* [PROBLEM REQUIREMENTS] From the entries that follow, extract each line holding the string "Honda".

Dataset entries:
-.-.-
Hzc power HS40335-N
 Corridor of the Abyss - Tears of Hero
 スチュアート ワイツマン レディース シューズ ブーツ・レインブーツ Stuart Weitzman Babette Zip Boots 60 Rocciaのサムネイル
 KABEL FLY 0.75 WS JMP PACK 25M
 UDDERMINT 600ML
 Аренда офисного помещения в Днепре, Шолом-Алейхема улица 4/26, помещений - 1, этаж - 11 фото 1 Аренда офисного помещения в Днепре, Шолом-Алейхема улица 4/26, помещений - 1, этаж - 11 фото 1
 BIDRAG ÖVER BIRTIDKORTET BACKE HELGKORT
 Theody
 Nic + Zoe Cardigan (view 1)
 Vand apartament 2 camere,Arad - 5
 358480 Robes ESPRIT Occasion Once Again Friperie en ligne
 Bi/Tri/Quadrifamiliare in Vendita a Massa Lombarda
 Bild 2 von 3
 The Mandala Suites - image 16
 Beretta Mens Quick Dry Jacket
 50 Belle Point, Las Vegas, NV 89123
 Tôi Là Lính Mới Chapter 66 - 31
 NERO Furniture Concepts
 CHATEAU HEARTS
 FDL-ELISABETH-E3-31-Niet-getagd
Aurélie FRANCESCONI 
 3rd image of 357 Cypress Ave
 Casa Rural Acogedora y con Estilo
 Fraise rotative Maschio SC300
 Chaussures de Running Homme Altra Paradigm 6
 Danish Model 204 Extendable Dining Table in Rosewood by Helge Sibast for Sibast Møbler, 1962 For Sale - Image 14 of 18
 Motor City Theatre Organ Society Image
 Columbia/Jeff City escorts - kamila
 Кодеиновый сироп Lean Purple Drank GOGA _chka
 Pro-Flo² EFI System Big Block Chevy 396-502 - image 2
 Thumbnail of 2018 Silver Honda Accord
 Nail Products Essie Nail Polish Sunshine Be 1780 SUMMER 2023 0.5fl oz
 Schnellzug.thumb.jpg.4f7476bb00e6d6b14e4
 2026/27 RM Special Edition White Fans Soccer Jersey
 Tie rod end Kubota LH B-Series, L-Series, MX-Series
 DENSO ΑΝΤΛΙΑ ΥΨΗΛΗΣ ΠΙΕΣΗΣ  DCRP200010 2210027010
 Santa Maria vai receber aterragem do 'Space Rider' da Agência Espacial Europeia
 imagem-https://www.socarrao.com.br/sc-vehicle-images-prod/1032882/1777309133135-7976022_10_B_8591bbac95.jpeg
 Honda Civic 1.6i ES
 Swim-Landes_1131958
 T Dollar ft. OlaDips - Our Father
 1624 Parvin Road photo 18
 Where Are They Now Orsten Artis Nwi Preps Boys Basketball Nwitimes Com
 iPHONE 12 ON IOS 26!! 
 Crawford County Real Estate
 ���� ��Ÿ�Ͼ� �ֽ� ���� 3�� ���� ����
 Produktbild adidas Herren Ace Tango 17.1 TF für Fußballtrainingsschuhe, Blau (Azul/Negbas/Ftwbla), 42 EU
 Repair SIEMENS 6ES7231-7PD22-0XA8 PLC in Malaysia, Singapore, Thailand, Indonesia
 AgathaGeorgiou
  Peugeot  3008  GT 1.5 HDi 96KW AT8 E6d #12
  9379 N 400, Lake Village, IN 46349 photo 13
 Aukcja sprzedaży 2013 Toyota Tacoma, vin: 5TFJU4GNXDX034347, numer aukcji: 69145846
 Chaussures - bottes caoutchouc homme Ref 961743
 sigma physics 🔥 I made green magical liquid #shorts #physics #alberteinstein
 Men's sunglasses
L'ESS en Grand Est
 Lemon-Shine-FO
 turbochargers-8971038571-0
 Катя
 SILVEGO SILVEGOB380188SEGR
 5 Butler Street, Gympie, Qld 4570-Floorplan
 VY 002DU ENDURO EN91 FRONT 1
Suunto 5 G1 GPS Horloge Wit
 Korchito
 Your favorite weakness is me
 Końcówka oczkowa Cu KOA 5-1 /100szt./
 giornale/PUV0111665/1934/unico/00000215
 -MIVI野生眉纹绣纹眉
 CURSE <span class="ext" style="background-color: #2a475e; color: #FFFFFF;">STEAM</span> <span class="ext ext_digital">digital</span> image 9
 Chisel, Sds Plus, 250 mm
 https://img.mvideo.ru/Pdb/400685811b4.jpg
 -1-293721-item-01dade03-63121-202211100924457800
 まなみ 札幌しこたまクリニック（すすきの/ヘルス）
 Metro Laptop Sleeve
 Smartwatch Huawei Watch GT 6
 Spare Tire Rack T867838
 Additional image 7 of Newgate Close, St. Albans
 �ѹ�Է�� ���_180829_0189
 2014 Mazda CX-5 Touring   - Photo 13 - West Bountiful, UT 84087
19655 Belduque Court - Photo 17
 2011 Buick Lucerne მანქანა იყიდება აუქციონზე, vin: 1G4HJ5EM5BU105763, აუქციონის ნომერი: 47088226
-.-.-
* [REPLY TO THE TASK]
 Thumbnail of 2018 Silver Honda Accord
 Honda Civic 1.6i ES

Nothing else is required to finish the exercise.